La gente de la MUD ha deseado tanto pero tanto que se desatara una ola de saqueos en el país que terminó exportando su mala vibra a la hermana República de Colombia. Un amigo mal pensado que nació allá pero que como muchos otros de sus paisanos se vio obligado a vivir de este lado de la frontera me dio su versión: “la oligarquía seguro aprovecha ese caos para echarle el muerto a Gustavo Petro y así liquidar sus aspiraciones de llegar al Palacio de Nariño”.

Petro, político de izquierda, exmilitantes del M-19, ex senador y ex alcalde de Bogotá, lidera las encuestas publicadas hace unos días con miras a las elecciones presidenciales, cuya primera vuelta está previsto se realicen el 27 de mayo próximo.

Los saqueos a los que se hace referencia al comienzo de estas líneas han ocurrido al sur de la capital colombiana, zona en la que viven los pobres. Bogotá no es como Caracas, ciudad en la que las urbanizaciones más exclusivas tienen sus barrios al lado. Allá la exclusión social si que es política de Estado.

Por su puesto que la plana mayor de la MUD guarda silencio acerca de los hechos de violencia en supermercados y tiendas de abastecimiento bogotanas, no vaya a ser que por indiscretos se le cierre el grifo del financiamiento cachaco. Hay que recordar que esta cuida muy bien su propio y privadísimo canal humanitario en divisas.

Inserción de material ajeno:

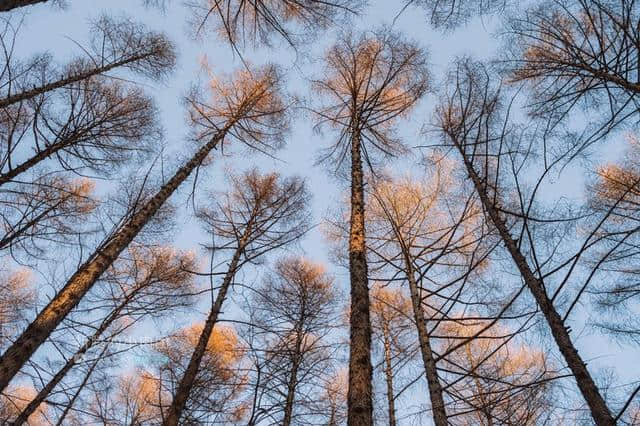 长春除了冰雪还有什么好玩的？4天3晚玩转长春那些不可错过的景点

Otro tema que también ha llamado la atención del público en general, pero no de la dirigencia opositora, han sido las profundas y humanistas reflexiones que sobre el tema de los ataques armados a las escuelas estadounidenses han salido de la boca del presidente de la nación norteña, Donal Trump.

El mandatario todopoderoso constructor de muros ha recomendado armar a los profesores para acabar con las masacres escolares. Idea genial del gran insultador global. No entiendo por qué aun este personaje no se le ha dado el Premio Nóbel de la Paz.

Trump ya tiene méritos para alcanzar a Barack Obama, especialista en crear para desmembrar naciones como Siria y Libia, y a Juan Manuel Santos, socio de Alvaro Uribe en el siniestro negocio de los falsos positivos y las fosas comunes.